[[ GIVEN DATA open ]]

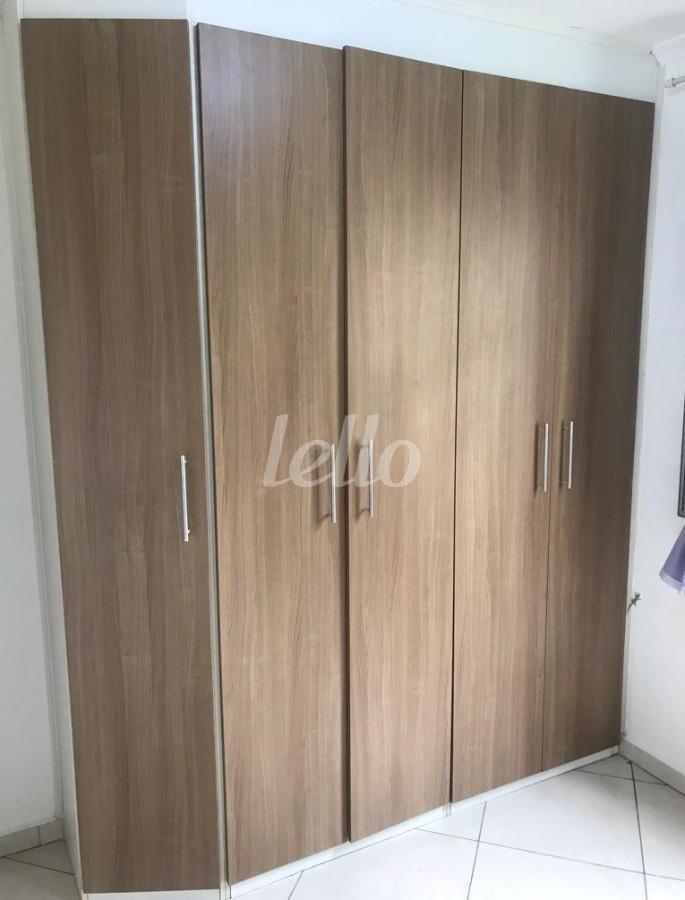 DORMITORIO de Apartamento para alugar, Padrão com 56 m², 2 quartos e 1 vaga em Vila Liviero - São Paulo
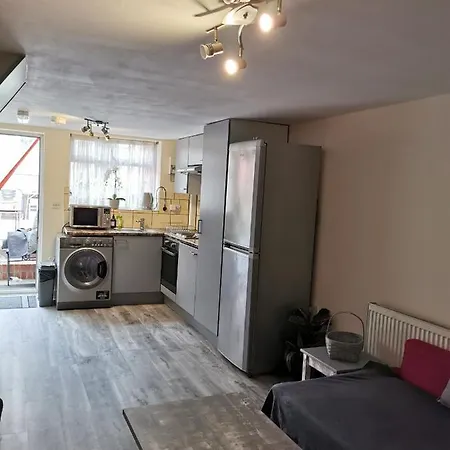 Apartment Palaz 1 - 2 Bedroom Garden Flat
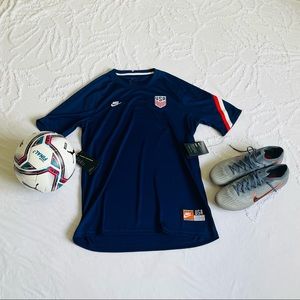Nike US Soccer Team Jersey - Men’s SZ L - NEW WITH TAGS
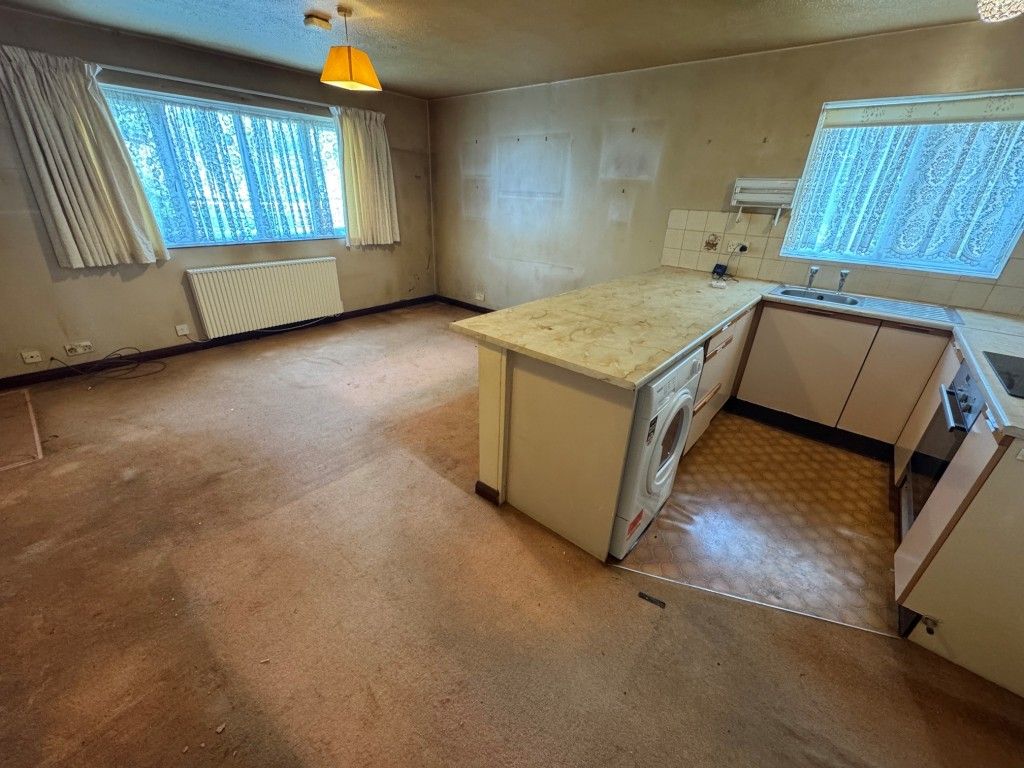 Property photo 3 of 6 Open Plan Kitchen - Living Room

[[ GIVEN DATA closed ]]

### TASK PROMPT
Word for word, quote the full listing, omitting every picture.

### ANSWER FOR THIS EXERCISE
 DORMITORIO de Apartamento para alugar, Padrão com 56 m², 2 quartos e 1 vaga em Vila Liviero - São Paulo
 Apartment Palaz 1 - 2 Bedroom Garden Flat
Nike US Soccer Team Jersey - Men’s SZ L - NEW WITH TAGS
 Property photo 3 of 6 Open Plan Kitchen - Living Room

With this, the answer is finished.